> _Task requirements_
Your answer should consist of the listing, repeated exactly.

Start of Information provided

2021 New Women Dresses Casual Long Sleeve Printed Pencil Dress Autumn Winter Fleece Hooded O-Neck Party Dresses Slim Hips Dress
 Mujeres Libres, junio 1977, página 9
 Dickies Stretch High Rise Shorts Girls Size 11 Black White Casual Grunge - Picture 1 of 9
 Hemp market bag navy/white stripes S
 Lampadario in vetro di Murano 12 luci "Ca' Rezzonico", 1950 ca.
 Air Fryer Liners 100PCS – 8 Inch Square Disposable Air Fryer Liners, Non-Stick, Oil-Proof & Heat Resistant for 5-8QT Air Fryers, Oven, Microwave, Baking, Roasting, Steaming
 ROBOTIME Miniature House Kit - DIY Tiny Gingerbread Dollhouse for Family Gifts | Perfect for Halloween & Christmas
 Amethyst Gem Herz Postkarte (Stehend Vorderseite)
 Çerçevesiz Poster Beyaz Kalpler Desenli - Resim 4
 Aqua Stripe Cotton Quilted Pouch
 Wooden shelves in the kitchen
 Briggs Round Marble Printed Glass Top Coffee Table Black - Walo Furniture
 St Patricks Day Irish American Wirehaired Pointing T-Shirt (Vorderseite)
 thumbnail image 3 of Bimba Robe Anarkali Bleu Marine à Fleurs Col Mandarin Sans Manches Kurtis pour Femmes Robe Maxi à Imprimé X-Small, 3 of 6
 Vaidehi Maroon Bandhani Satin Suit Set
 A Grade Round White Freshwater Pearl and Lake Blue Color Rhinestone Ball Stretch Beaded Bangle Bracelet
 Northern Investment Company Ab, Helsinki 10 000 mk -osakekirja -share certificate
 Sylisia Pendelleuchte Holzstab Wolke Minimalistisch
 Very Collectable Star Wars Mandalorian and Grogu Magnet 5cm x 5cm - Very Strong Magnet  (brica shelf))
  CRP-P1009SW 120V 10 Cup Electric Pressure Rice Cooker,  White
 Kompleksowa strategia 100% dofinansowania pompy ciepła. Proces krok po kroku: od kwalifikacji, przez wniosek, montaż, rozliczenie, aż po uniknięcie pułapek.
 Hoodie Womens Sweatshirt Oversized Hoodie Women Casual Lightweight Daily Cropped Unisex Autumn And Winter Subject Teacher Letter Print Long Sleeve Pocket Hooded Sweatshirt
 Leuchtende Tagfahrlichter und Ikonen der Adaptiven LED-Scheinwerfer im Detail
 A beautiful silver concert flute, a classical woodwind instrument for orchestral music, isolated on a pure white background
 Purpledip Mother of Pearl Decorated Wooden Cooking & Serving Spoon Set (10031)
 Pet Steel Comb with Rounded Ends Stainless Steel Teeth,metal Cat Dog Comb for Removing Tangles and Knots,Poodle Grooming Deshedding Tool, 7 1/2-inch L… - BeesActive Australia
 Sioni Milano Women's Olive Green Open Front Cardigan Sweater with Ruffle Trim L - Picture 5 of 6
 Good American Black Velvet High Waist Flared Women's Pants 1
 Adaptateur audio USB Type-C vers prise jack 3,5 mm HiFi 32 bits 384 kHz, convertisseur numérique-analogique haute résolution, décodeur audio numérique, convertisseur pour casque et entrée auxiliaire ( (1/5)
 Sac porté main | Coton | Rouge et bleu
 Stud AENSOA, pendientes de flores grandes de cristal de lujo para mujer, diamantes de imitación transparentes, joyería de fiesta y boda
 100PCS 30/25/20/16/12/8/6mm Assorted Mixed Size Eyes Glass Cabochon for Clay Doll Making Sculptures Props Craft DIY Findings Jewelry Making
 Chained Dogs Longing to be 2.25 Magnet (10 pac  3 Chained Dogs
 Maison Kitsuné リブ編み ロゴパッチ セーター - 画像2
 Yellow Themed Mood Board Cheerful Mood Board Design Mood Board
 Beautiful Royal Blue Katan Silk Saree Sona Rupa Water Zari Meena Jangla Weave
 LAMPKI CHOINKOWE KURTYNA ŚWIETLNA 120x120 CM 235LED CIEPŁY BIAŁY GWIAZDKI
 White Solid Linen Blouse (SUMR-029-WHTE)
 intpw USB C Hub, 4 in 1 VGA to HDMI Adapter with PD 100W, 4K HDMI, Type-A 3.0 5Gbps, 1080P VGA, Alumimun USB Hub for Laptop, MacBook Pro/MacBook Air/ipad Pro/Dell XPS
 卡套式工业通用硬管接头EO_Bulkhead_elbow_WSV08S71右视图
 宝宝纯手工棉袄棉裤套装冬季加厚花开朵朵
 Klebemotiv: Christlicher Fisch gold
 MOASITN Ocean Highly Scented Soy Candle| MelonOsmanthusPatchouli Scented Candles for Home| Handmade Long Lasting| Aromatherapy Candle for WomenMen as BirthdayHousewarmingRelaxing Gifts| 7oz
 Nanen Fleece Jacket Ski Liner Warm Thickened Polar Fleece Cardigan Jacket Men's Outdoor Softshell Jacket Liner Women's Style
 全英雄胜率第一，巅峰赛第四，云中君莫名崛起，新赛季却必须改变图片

End of Information provided

> _Output below_
2021 New Women Dresses Casual Long Sleeve Printed Pencil Dress Autumn Winter Fleece Hooded O-Neck Party Dresses Slim Hips Dress
 Mujeres Libres, junio 1977, página 9
 Dickies Stretch High Rise Shorts Girls Size 11 Black White Casual Grunge - Picture 1 of 9
 Hemp market bag navy/white stripes S
 Lampadario in vetro di Murano 12 luci "Ca' Rezzonico", 1950 ca.
 Air Fryer Liners 100PCS – 8 Inch Square Disposable Air Fryer Liners, Non-Stick, Oil-Proof & Heat Resistant for 5-8QT Air Fryers, Oven, Microwave, Baking, Roasting, Steaming
 ROBOTIME Miniature House Kit - DIY Tiny Gingerbread Dollhouse for Family Gifts | Perfect for Halloween & Christmas
 Amethyst Gem Herz Postkarte (Stehend Vorderseite)
 Çerçevesiz Poster Beyaz Kalpler Desenli - Resim 4
 Aqua Stripe Cotton Quilted Pouch
 Wooden shelves in the kitchen
 Briggs Round Marble Printed Glass Top Coffee Table Black - Walo Furniture
 St Patricks Day Irish American Wirehaired Pointing T-Shirt (Vorderseite)
 thumbnail image 3 of Bimba Robe Anarkali Bleu Marine à Fleurs Col Mandarin Sans Manches Kurtis pour Femmes Robe Maxi à Imprimé X-Small, 3 of 6
 Vaidehi Maroon Bandhani Satin Suit Set
 A Grade Round White Freshwater Pearl and Lake Blue Color Rhinestone Ball Stretch Beaded Bangle Bracelet
 Northern Investment Company Ab, Helsinki 10 000 mk -osakekirja -share certificate
 Sylisia Pendelleuchte Holzstab Wolke Minimalistisch
 Very Collectable Star Wars Mandalorian and Grogu Magnet 5cm x 5cm - Very Strong Magnet  (brica shelf))
  CRP-P1009SW 120V 10 Cup Electric Pressure Rice Cooker,  White
 Kompleksowa strategia 100% dofinansowania pompy ciepła. Proces krok po kroku: od kwalifikacji, przez wniosek, montaż, rozliczenie, aż po uniknięcie pułapek.
 Hoodie Womens Sweatshirt Oversized Hoodie Women Casual Lightweight Daily Cropped Unisex Autumn And Winter Subject Teacher Letter Print Long Sleeve Pocket Hooded Sweatshirt
 Leuchtende Tagfahrlichter und Ikonen der Adaptiven LED-Scheinwerfer im Detail
 A beautiful silver concert flute, a classical woodwind instrument for orchestral music, isolated on a pure white background
 Purpledip Mother of Pearl Decorated Wooden Cooking & Serving Spoon Set (10031)
 Pet Steel Comb with Rounded Ends Stainless Steel Teeth,metal Cat Dog Comb for Removing Tangles and Knots,Poodle Grooming Deshedding Tool, 7 1/2-inch L… - BeesActive Australia
 Sioni Milano Women's Olive Green Open Front Cardigan Sweater with Ruffle Trim L - Picture 5 of 6
 Good American Black Velvet High Waist Flared Women's Pants 1
 Adaptateur audio USB Type-C vers prise jack 3,5 mm HiFi 32 bits 384 kHz, convertisseur numérique-analogique haute résolution, décodeur audio numérique, convertisseur pour casque et entrée auxiliaire ( (1/5)
 Sac porté main | Coton | Rouge et bleu
 Stud AENSOA, pendientes de flores grandes de cristal de lujo para mujer, diamantes de imitación transparentes, joyería de fiesta y boda
 100PCS 30/25/20/16/12/8/6mm Assorted Mixed Size Eyes Glass Cabochon for Clay Doll Making Sculptures Props Craft DIY Findings Jewelry Making
 Chained Dogs Longing to be 2.25 Magnet (10 pac  3 Chained Dogs
 Maison Kitsuné リブ編み ロゴパッチ セーター - 画像2
 Yellow Themed Mood Board Cheerful Mood Board Design Mood Board
 Beautiful Royal Blue Katan Silk Saree Sona Rupa Water Zari Meena Jangla Weave
 LAMPKI CHOINKOWE KURTYNA ŚWIETLNA 120x120 CM 235LED CIEPŁY BIAŁY GWIAZDKI
 White Solid Linen Blouse (SUMR-029-WHTE)
 intpw USB C Hub, 4 in 1 VGA to HDMI Adapter with PD 100W, 4K HDMI, Type-A 3.0 5Gbps, 1080P VGA, Alumimun USB Hub for Laptop, MacBook Pro/MacBook Air/ipad Pro/Dell XPS
 卡套式工业通用硬管接头EO_Bulkhead_elbow_WSV08S71右视图
 宝宝纯手工棉袄棉裤套装冬季加厚花开朵朵
 Klebemotiv: Christlicher Fisch gold
 MOASITN Ocean Highly Scented Soy Candle| MelonOsmanthusPatchouli Scented Candles for Home| Handmade Long Lasting| Aromatherapy Candle for WomenMen as BirthdayHousewarmingRelaxing Gifts| 7oz
 Nanen Fleece Jacket Ski Liner Warm Thickened Polar Fleece Cardigan Jacket Men's Outdoor Softshell Jacket Liner Women's Style
 全英雄胜率第一，巅峰赛第四，云中君莫名崛起，新赛季却必须改变图片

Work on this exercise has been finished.